National Vision Holdings Inc (EYE)
Solvency ratios
Dec 31, 2023 | Dec 31, 2022 | Dec 31, 2021 | Dec 31, 2020 | Dec 31, 2019 | |
---|---|---|---|---|---|
Debt-to-assets ratio | 0.20 | 0.24 | 0.24 | 0.27 | 0.26 |
Debt-to-capital ratio | 0.35 | 0.38 | 0.37 | 0.41 | 0.40 |
Debt-to-equity ratio | 0.53 | 0.61 | 0.59 | 0.69 | 0.68 |
Financial leverage ratio | 2.62 | 2.54 | 2.48 | 2.57 | 2.62 |
The solvency ratios of National Vision Holdings Inc indicate the company's ability to meet its financial obligations and manage its debt levels effectively over the last five years.
The trend in the debt-to-assets ratio has shown a decreasing pattern from 0.26 in 2019 to 0.20 in 2023, reflecting that the company has improved its ability to cover its liabilities with its assets. This suggests a stronger financial position and lower risk of insolvency.
Similarly, the debt-to-capital ratio has also decreased over the years, indicating a decline in the proportion of debt in the company's capital structure.
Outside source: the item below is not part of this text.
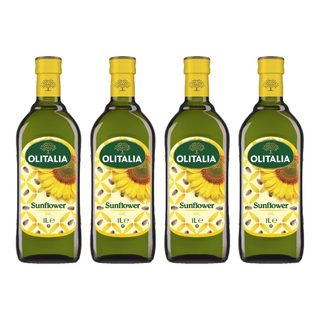 OLITALIA 奧利塔 頂級葵花油, 義大利原裝進口, 品質安全的食用油, 不飽和脂肪酸88%, 中高溫烹調適用, 1L, 4瓶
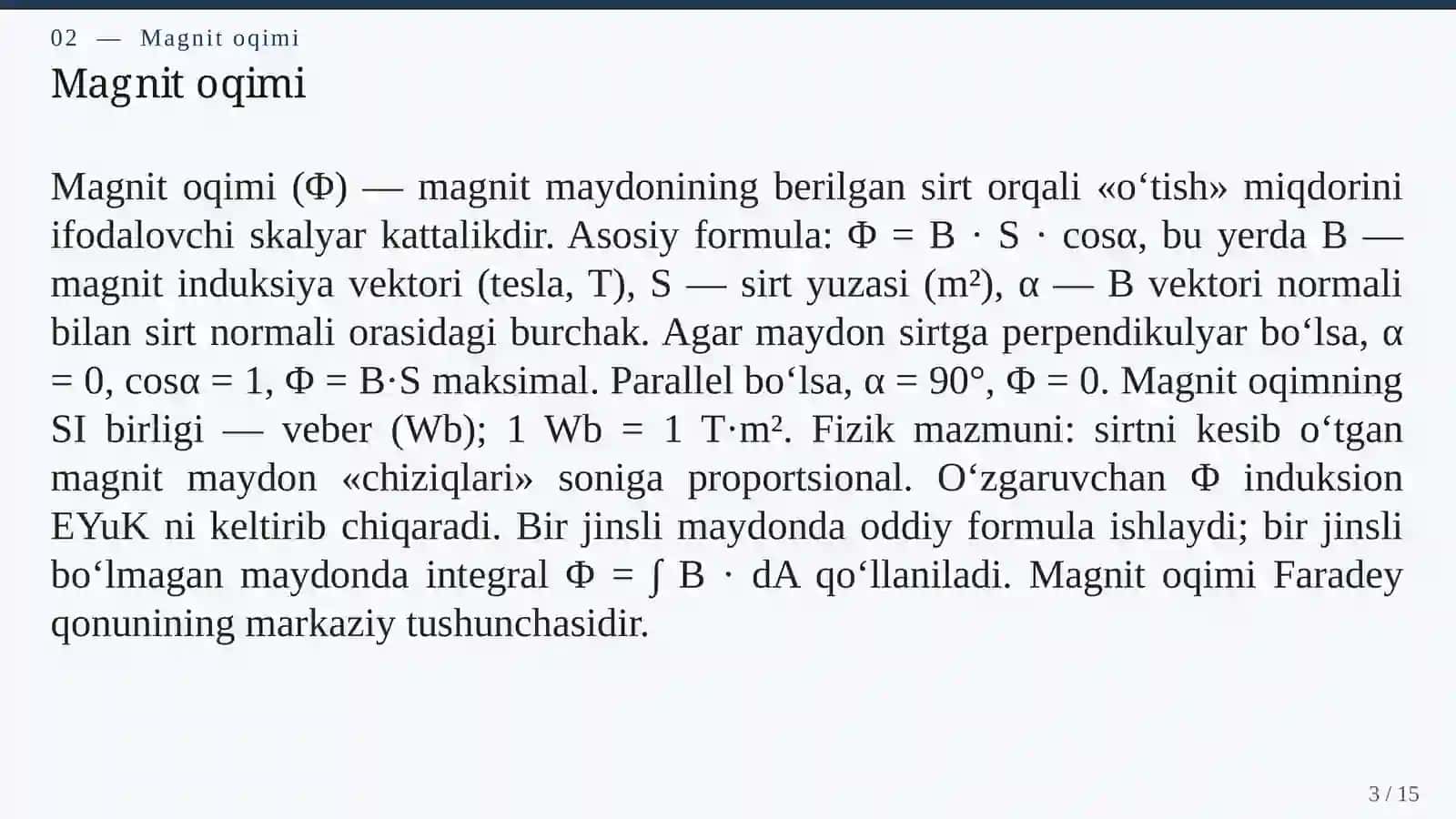 ELEKTROMAGNIT INDUKSIYA VA UNING TEXNIKADAGI QO‘LLANILISHI 3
This trend suggests that National Vision Holdings Inc is relying less on debt to finance its operations, which could lead to lower interest expenses and reduced financial risk.
The debt-to-equity ratio has shown a decreasing trend from 0.68 in 2019 to 0.53 in 2023, indicating that the company's reliance on debt in relation to equity has decreased. A lower debt-to-equity ratio generally implies a lower financial risk and a healthier balance sheet structure.
The financial leverage ratio has fluctuated over the years but has remained relatively stable. A financial leverage ratio of 2.62 in 2019 and 2023 suggests that the company is using debt to finance a significant portion of its assets. While this could potentially lead to higher returns on equity, it also indicates higher financial risk.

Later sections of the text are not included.